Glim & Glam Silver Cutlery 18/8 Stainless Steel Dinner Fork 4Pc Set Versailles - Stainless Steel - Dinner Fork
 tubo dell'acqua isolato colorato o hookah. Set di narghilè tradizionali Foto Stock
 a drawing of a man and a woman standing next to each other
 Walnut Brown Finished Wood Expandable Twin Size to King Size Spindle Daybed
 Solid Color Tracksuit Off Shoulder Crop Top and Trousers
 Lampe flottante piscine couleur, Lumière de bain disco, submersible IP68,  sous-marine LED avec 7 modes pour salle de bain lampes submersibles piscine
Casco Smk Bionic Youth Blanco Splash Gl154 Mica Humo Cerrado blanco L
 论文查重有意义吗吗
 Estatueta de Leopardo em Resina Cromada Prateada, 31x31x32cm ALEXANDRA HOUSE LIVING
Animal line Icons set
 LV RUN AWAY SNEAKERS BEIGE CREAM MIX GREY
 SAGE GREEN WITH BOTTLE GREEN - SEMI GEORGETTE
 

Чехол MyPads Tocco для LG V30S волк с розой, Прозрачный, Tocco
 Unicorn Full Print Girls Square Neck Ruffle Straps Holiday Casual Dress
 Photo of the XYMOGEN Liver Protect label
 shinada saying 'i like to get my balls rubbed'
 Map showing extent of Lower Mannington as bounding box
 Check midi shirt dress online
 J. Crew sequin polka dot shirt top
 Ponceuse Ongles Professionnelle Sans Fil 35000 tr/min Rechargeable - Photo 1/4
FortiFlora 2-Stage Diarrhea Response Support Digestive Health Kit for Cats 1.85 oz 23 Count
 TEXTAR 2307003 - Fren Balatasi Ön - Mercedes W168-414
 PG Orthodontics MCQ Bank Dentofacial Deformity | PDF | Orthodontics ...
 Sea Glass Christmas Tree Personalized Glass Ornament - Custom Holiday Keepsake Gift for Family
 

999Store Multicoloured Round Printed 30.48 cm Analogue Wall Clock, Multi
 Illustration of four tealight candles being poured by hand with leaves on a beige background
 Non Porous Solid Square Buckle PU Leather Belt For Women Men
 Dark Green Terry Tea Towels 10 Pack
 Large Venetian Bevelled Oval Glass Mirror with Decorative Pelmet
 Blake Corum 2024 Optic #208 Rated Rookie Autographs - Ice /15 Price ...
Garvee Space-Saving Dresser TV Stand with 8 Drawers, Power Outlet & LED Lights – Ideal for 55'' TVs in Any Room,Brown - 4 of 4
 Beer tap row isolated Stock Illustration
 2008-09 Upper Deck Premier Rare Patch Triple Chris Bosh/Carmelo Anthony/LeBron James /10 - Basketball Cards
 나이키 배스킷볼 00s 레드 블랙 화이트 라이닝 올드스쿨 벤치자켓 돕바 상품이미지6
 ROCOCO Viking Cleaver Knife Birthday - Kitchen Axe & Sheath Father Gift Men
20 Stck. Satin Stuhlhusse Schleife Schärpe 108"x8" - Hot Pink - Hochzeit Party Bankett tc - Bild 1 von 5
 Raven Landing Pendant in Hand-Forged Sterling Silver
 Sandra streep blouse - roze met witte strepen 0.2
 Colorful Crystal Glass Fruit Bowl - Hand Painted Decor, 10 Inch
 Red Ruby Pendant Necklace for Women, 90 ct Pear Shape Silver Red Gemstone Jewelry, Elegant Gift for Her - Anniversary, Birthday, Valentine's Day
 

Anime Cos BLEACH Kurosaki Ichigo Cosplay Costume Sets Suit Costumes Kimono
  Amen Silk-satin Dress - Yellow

..............................

— ACTIVITY —
Copy out the lines above that hold the string "Pendant".

— ANSWER SECTION —
 Raven Landing Pendant in Hand-Forged Sterling Silver
 Red Ruby Pendant Necklace for Women, 90 ct Pear Shape Silver Red Gemstone Jewelry, Elegant Gift for Her - Anniversary, Birthday, Valentine's Day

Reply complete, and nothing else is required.